Around 8:39, he literally says "This is like the Rosetta Stone for early D&D games."

But it is pretty much completely incompatible with modern play.
A little aside the topic, but I don't think this is necessarily the case. At least, given how rarely this rule was followed IME and in the experience of other older gamers who've posted to this thread, I don't think it's qualitatively more unwieldy or irrelevant now than it was then.

He does seem to conflate different elements of different styles of play into one nebulous idea of “old-school play” that doesn’t accurately describe how many people played at all, let alone most. But I don’t get the impression that the point of the video was ever to educate people on how the game was played in “ye olden dayes.” Rather, he was sharing excitement about this type of location-focused exploratory play that this rule had made him consider for the first time, and in doing so may have jumped to some dubious conclusions.

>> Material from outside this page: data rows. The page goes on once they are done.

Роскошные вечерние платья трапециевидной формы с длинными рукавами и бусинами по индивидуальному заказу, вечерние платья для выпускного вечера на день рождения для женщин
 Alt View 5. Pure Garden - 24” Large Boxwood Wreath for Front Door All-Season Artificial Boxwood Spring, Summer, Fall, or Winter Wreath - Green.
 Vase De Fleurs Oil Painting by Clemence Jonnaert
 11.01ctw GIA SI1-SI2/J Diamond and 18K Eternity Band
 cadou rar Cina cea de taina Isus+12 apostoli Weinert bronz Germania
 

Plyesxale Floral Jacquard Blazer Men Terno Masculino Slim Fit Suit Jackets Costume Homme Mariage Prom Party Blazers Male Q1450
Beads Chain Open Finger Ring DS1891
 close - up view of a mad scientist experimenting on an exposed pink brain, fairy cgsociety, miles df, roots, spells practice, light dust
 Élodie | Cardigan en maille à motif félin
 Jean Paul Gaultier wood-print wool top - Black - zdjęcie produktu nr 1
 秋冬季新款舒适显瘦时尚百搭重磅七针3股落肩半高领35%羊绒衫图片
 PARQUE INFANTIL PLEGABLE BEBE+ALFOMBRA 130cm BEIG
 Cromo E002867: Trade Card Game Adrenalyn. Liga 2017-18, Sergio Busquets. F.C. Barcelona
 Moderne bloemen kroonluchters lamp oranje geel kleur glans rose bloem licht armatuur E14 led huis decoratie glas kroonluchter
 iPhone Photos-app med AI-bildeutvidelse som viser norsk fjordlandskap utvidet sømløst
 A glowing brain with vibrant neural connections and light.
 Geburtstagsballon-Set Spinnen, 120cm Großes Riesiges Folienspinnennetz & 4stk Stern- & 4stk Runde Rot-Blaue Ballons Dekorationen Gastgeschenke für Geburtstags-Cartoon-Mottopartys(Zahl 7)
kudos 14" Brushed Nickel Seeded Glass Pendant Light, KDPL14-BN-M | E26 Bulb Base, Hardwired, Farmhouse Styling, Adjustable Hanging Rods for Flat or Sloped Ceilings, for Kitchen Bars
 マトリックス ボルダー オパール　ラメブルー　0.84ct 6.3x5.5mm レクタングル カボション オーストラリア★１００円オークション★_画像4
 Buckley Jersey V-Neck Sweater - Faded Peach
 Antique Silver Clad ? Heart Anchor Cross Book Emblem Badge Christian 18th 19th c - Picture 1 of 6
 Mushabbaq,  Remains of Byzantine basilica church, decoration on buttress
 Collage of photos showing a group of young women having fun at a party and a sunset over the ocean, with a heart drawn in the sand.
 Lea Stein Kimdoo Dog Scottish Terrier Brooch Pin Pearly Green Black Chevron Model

Let's say that I posted something in which I claimed that after watching a TikTok video or two, I suddenly realized that GenZ-ers were mining Bitcoin to pay for online concerts featuring their favorite K-pop groups, and that this fundamentally changes our understanding of future political and economic trends due to Bitcoin-funded K-pop shaping the entire youth culture. Would you say that people annoyed by my observation with claims that I was grossly over-generalizing should just take into account that I was excited by finding out about Bitcoin and the popularity of Korean music in western youth culture? Wouldn't it have been better if I had just said, "Hey, did you know a lot of teens and twenty-somethings like K-pop these days? Let's talk about K-pop!"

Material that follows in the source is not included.